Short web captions
================

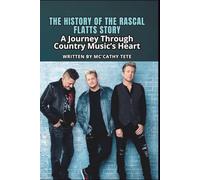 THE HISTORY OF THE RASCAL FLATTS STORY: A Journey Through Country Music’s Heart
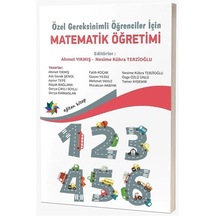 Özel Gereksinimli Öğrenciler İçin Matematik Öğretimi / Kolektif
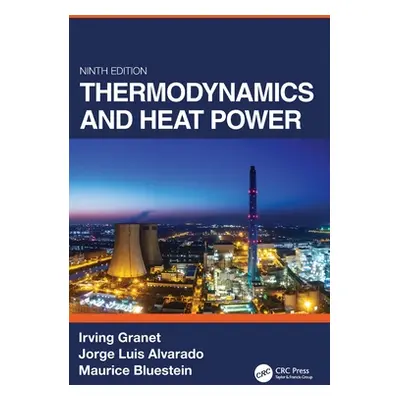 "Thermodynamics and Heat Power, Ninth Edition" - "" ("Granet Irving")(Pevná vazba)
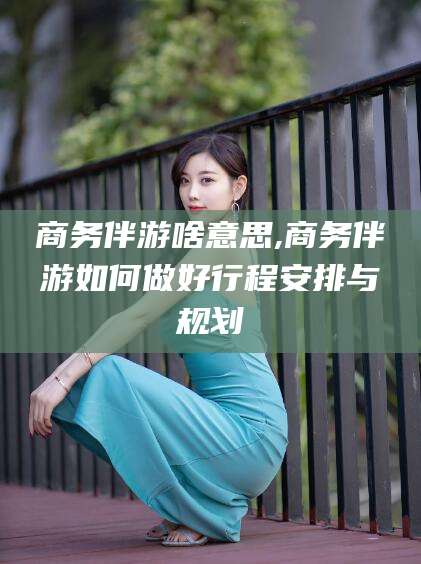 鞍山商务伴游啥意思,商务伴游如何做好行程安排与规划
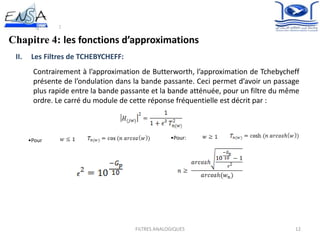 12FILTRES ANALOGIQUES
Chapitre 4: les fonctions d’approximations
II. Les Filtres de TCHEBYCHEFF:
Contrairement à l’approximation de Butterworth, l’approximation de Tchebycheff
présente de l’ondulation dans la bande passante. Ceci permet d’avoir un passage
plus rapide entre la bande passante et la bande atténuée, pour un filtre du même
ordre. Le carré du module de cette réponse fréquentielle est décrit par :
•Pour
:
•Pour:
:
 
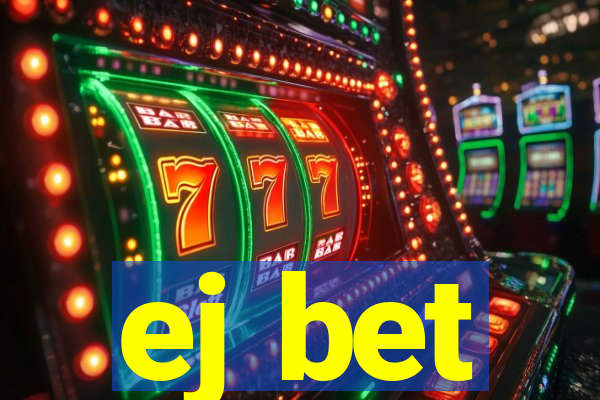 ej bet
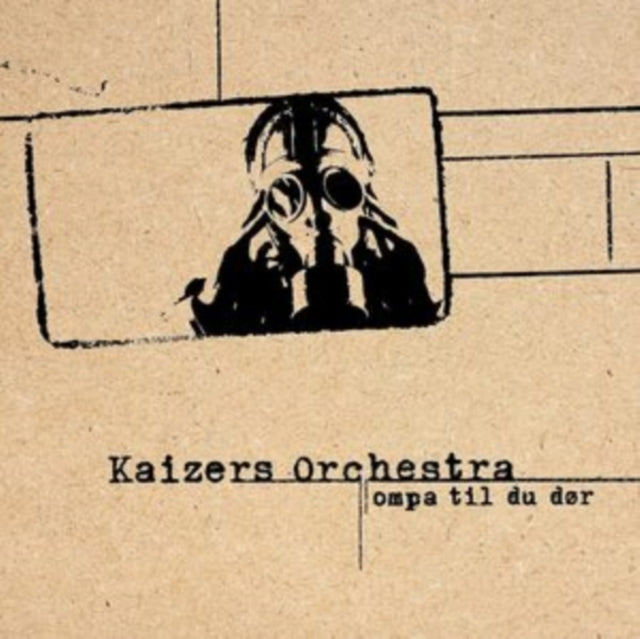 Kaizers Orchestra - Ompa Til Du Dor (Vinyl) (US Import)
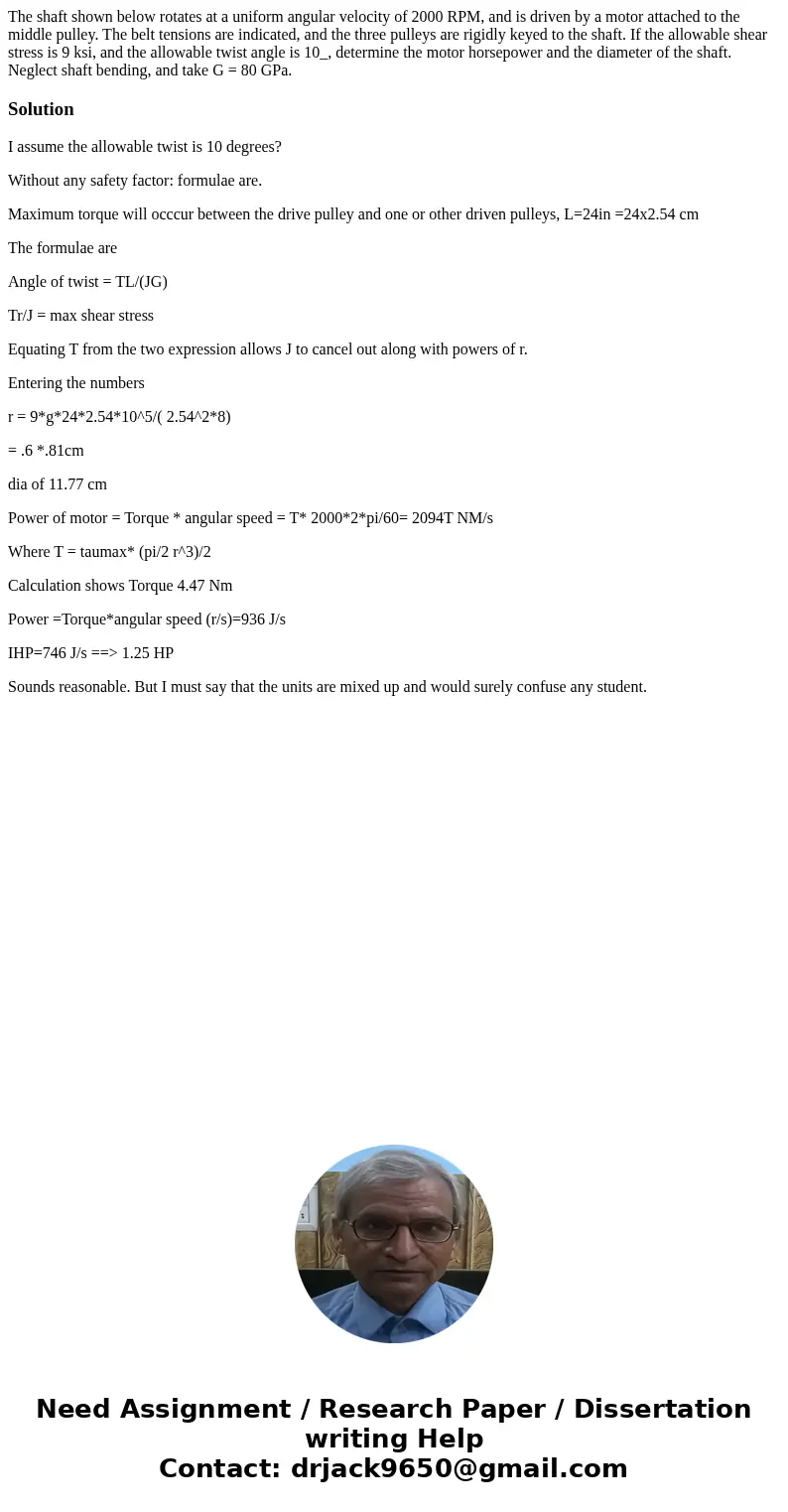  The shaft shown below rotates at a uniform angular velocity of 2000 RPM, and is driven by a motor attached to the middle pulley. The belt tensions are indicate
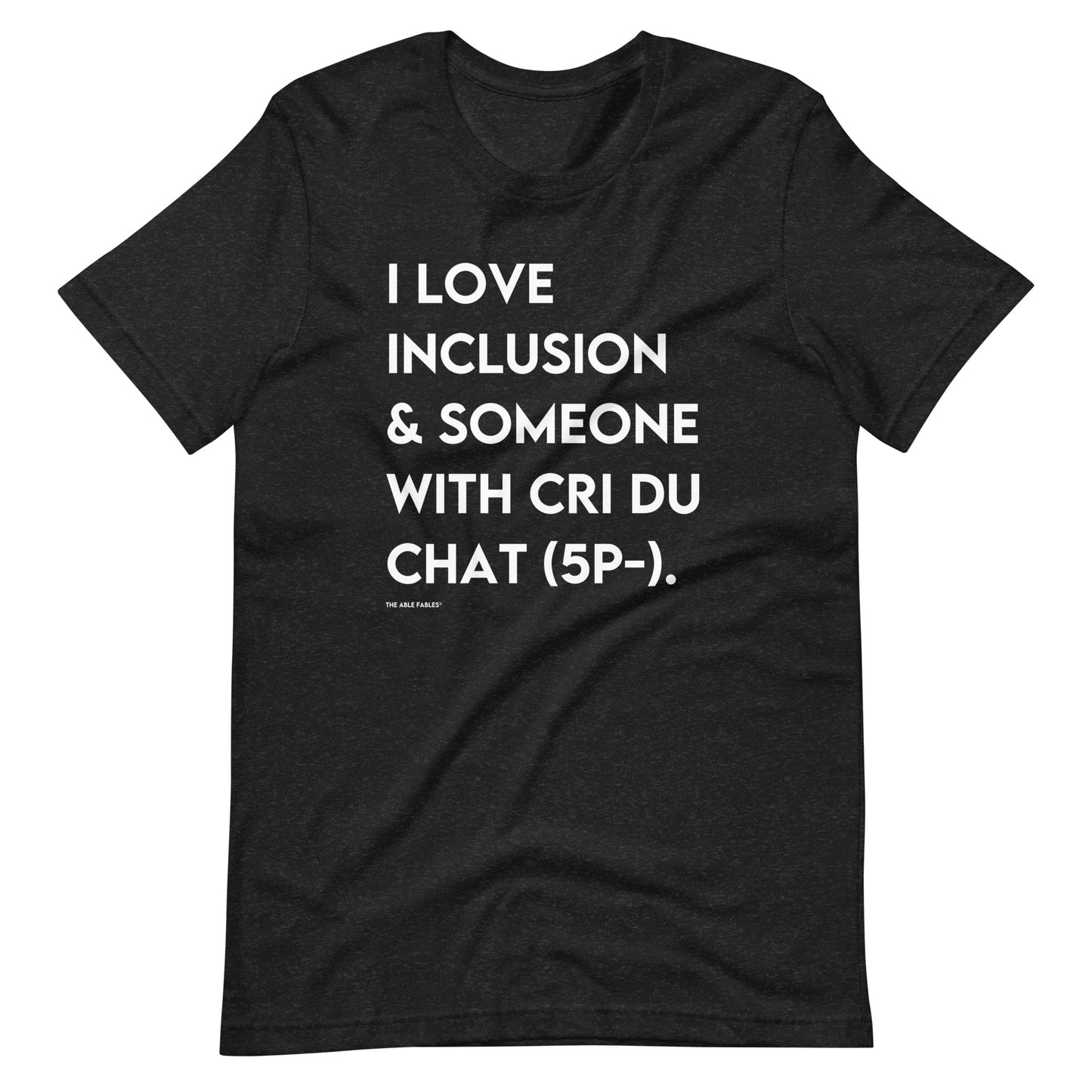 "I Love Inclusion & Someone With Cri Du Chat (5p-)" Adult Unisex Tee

================

WHAT IS EXPECTED
Which lines run from the one containing "The shaft shown" through the last line of the entries above? Output them exactly, both ends included, with no pictures.

TASK OUTPUT
  The shaft shown below rotates at a uniform angular velocity of 2000 RPM, and is driven by a motor attached to the middle pulley. The belt tensions are indicate
 "I Love Inclusion & Someone With Cri Du Chat (5p-)" Adult Unisex Tee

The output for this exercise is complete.